Anillo de cobre




Alguna vez me crucé por la calle con un extraño o extraña que inmediatamente atrajo mi mirada, no por que fuera su apariencia demasiado llamativa sino por un simple acto fortuito de miradas divagantes. Y ha resultado que esa misma persona vuelve a aparecer unas calles más adelante una vez alcanzado mi destino que era también el suyo a pesar de que llevábamos caminos totalmente opuestos y en su rostro puedo percibir la misma sorpresa casual de habernos encontrado de nuevo. 

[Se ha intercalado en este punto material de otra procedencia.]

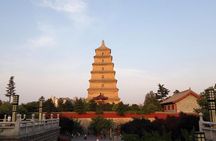 Half-Day Private Tour of Xian Museum and Big Wild Goose Pagoda
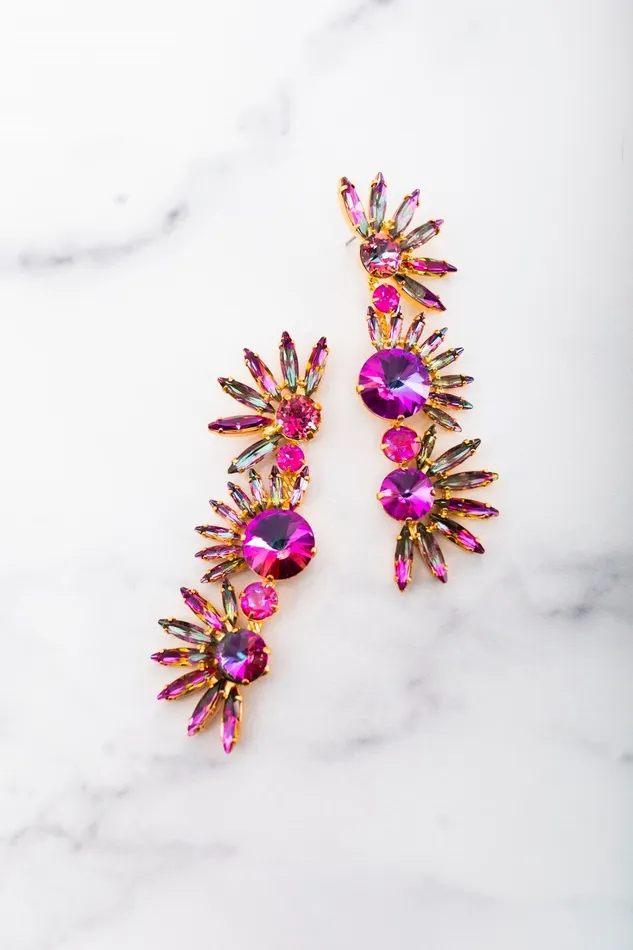 Elizabeth Cole Jewelry Earrings Livy Earrings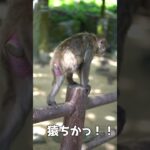 【おさるのジョージ】猿山の猿たち #日本一周 #旅 #自転車 #猿山#おさるのジョージ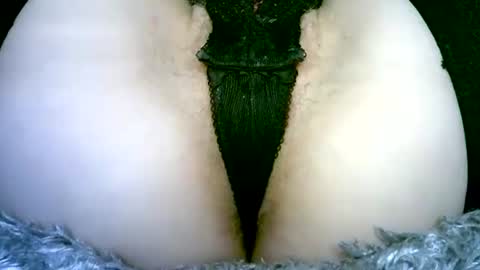 Snapshot of my_tightholes chatting on 02/02/26, 06:50 my_tightholes online show from 02/02/26, 06:50
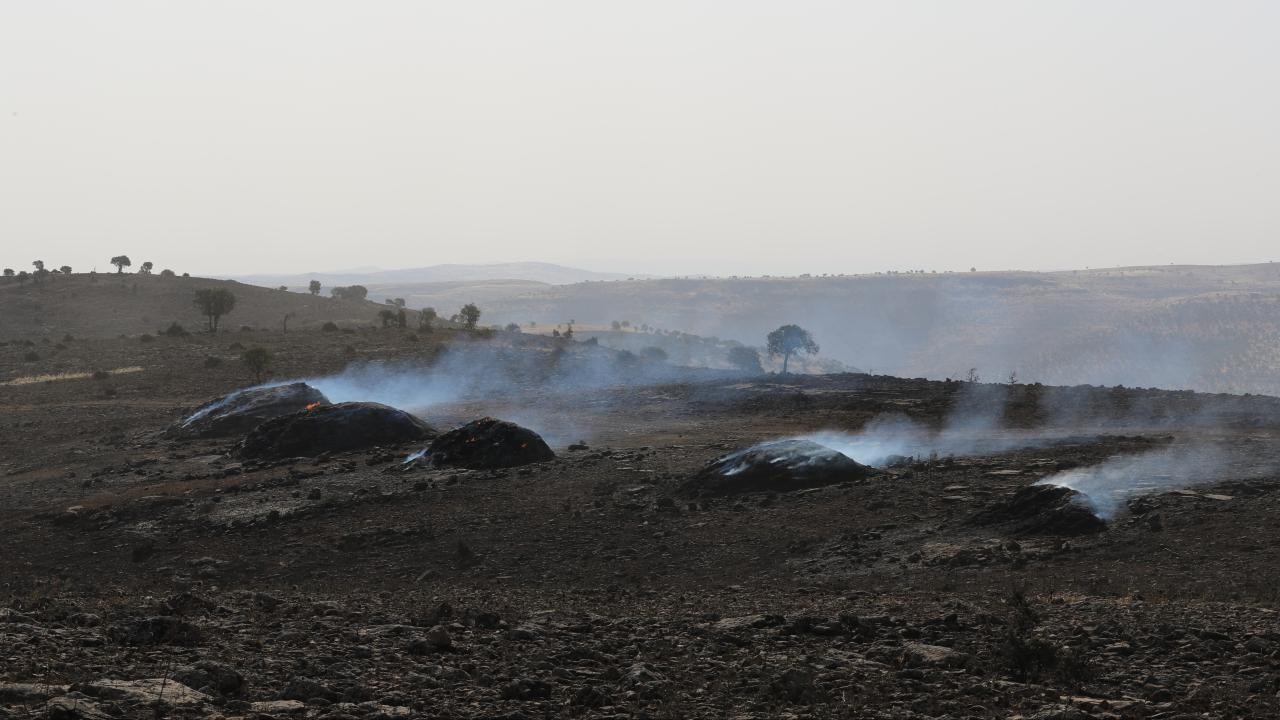 Diyarbakır ve Mardin arasındaki anız yangınında hayatını kaybedenlerin sayısı 11'e yükseldi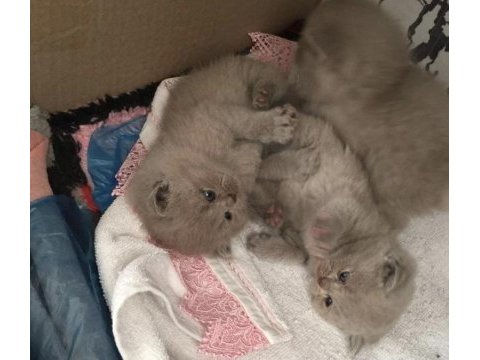 Safkan british shorthair babalık hakkı erkek yavrumuz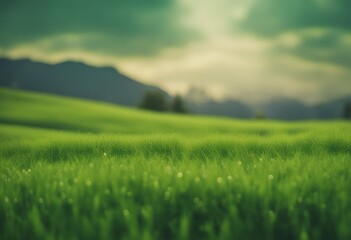 Wall Mural - green field picturesque cloud beauty spring autumn landscape agriculture nature pasture farm backgro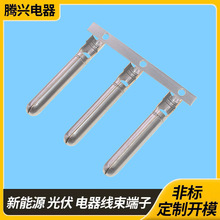 �S��ֱ�����~��a2.4���ͶӰ�x�B�����Դ2.5�~ᘶ���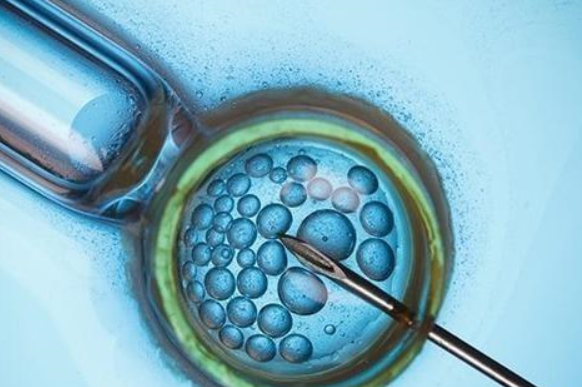 妊娠拼音叫什么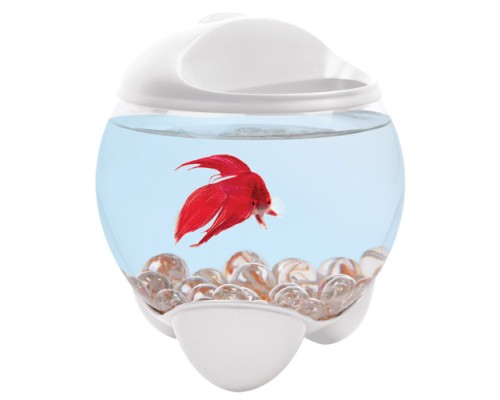 Tetra Betta Bubble белый аквариум-шар д/петушков с освещен. 1,8л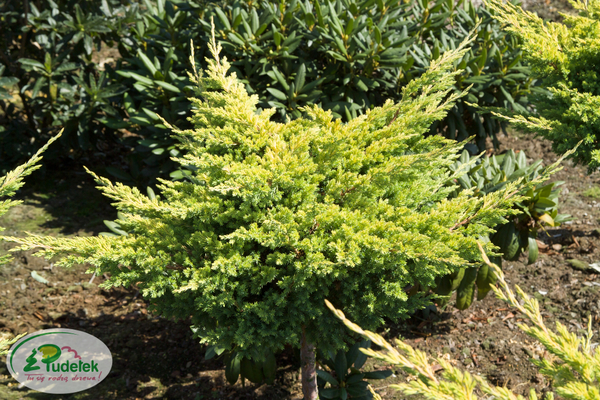 juniperus_procumbens_kishiogima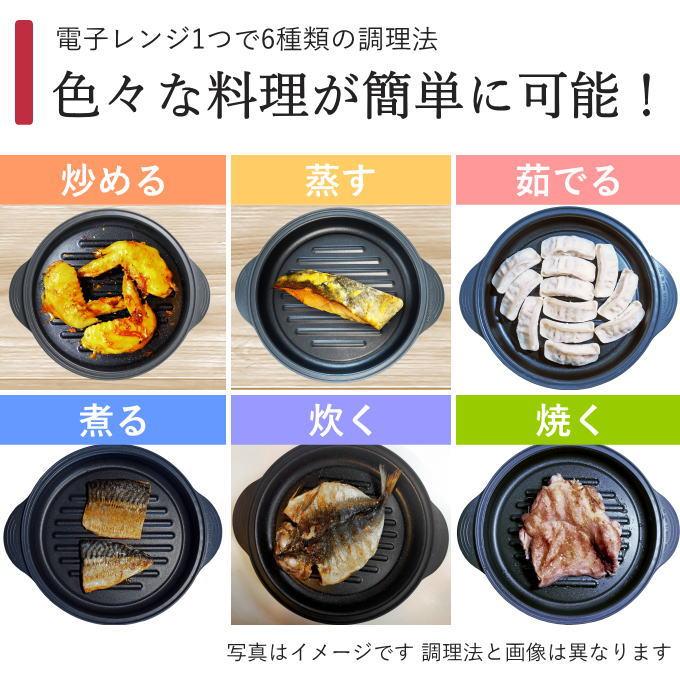 電子レンジ 調理器具 電子レンジ用調理器 レンジ 魚 が 焼ける 電子レンジ 調理器具 電子レンジ用調理器 レンジ 魚 が 焼ける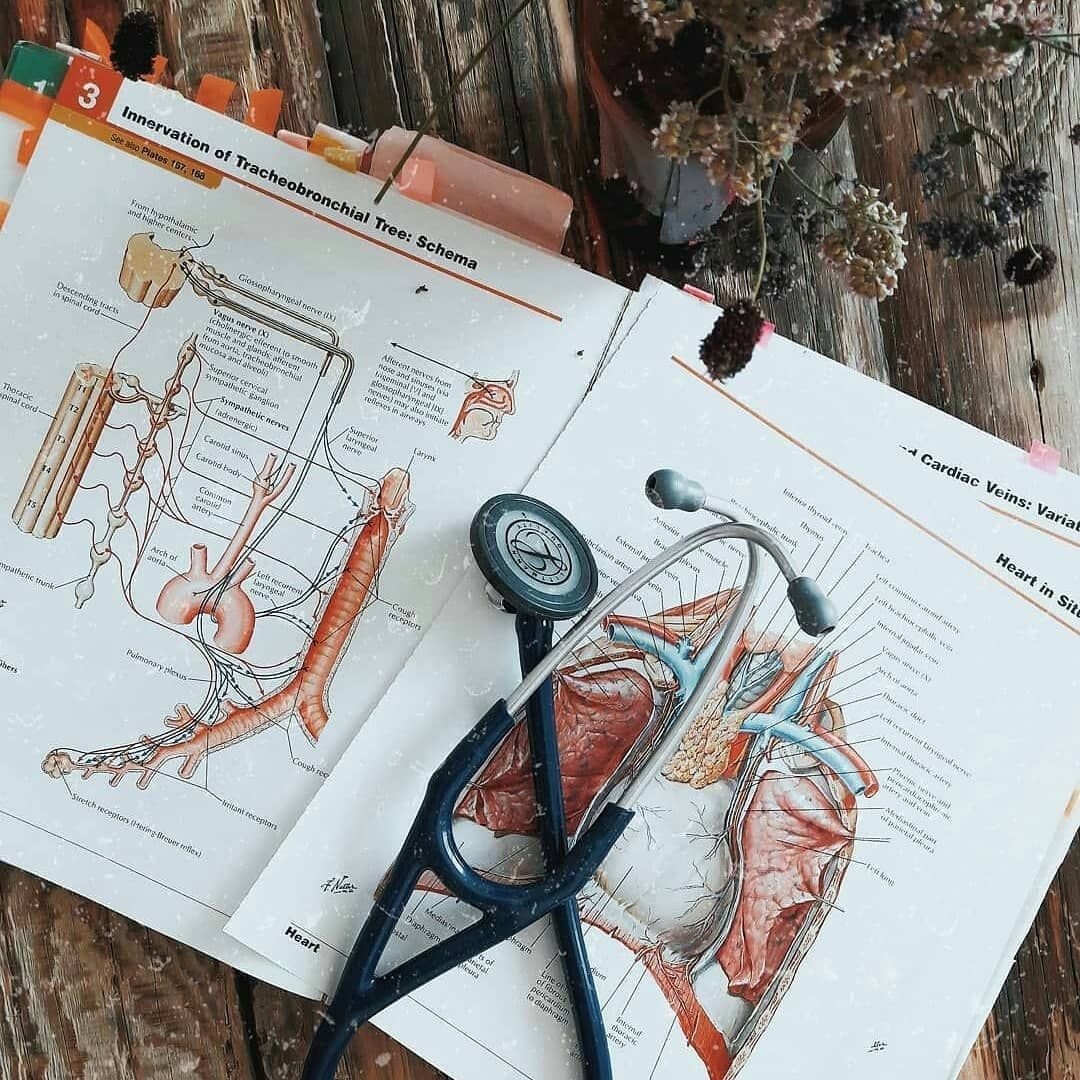 Стетоскоп сердце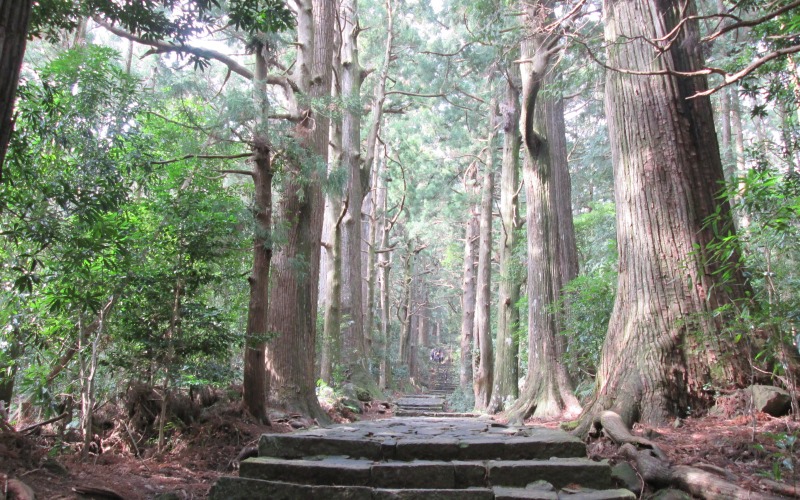 Daimonzaka Slope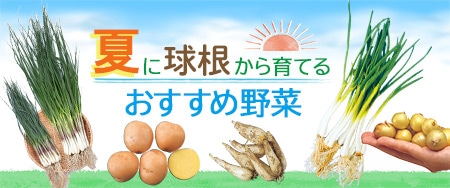 夏に球根から育てるおすすめ野菜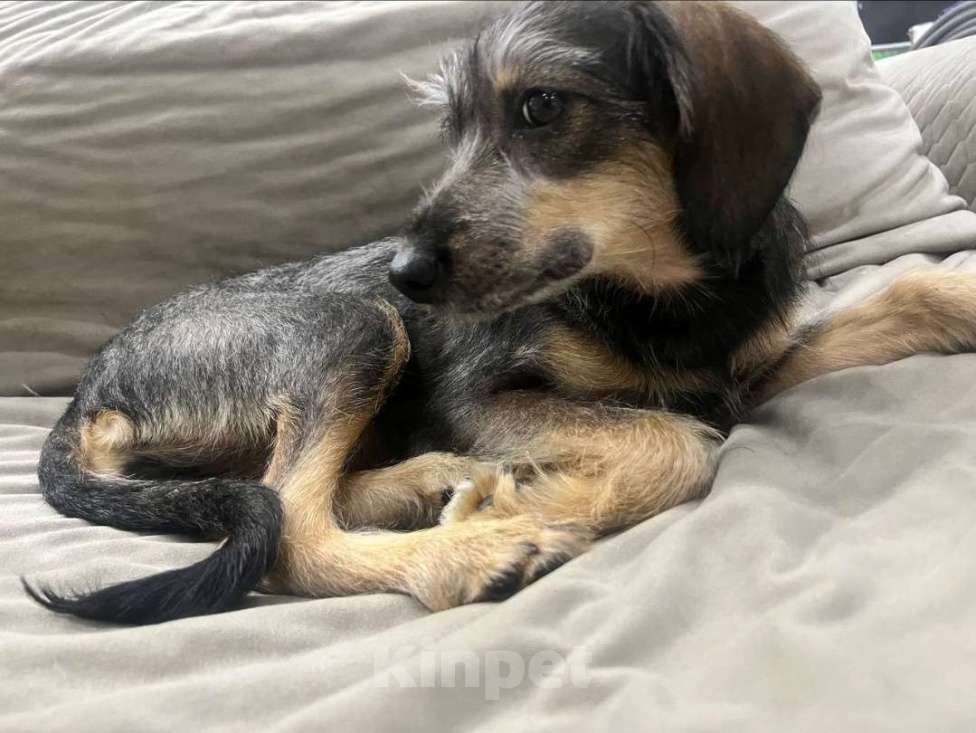 Собаки в Москве: Щенок в добрые руки  Девочка, Бесплатно - фото 9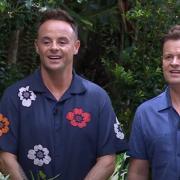 Did you vote during tonight's I'm a Celebrity episode?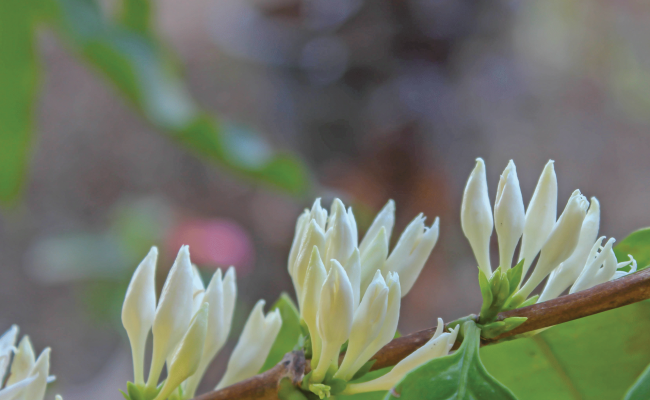 imagem_2025-12-10_135311895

Bien, pues lo que aquí cuento no compete a la relación entre las personas, sino a la relación de las personas con los objetos, que es incluso más extraordinaria, sin dejar de ser completamente casual. Hace algunos años ya, portaba gustoso un anillo de cobre el cual adquirí en uno de esos tianguis “culturales” de nuestras ciudades mexicanas. Después de cierto tiempo, descubrí que el anillo de cobre había dejado una mancha verdosa sobre la piel de mi dedo. Me gustaba a tal grado, que decidí barnizarlo por dentro para evitarme la pena de tirarlo. Solía barnizarlo habitualmente más o menos una vez cada mes, hasta que una tarde, con todo dispuesto, tomé el anillo y la pequeña brocha con muchísimo cuidado para no barnizarme la piel y entonces... escuché la una voz que desde mi oído me decía: 

-Date un brochazo en el dedo... 

Al principió no lo creí porque no había nadie, absolutamente nadie a mi alrededor en el cuarto. -Exacerbada imaginación la mía- me justifiqué, para después escuchar nuevamente:

-Anda, con una sola gota basta...

Atribuí inmediatamente "la voz" al anillo, por supuesto, al mismo anillo que yo sostenía entre los dedos de la mano izquierda mientras que con la derecha estaba a punto de barnizarlo. Como es lógico, no presté atención a la voz del anillo y continué con mi tarea hasta que accidentalmente, y por el nerviosismo mismo sumado a un ligero temblor de manos, conseguí darme un bochazo sin querer, sobre la falange de uno de los dedos. Justo en ese momento sentí la rabia aproximarse, por haber ocurrido exactamente lo que no deseaba, pero muy rápido desapareció  el sentimiento.

Después de haber fallado, y haberme pintado el dedo, mis nervios se disiparon. Mi pulso se neutralizó, así pude sin mayor problema continuar y terminar mi tarea incluso con gusto, con cierta inusitada libertad, pues ya había fallado, no había peor escenario. Comprendí entonces aquello que trataba de comunicarme el anillo desde un principio: la necesidad de los sacrificios, la ruptura adecuada de la precisión, la posibilidad de los errores controlados.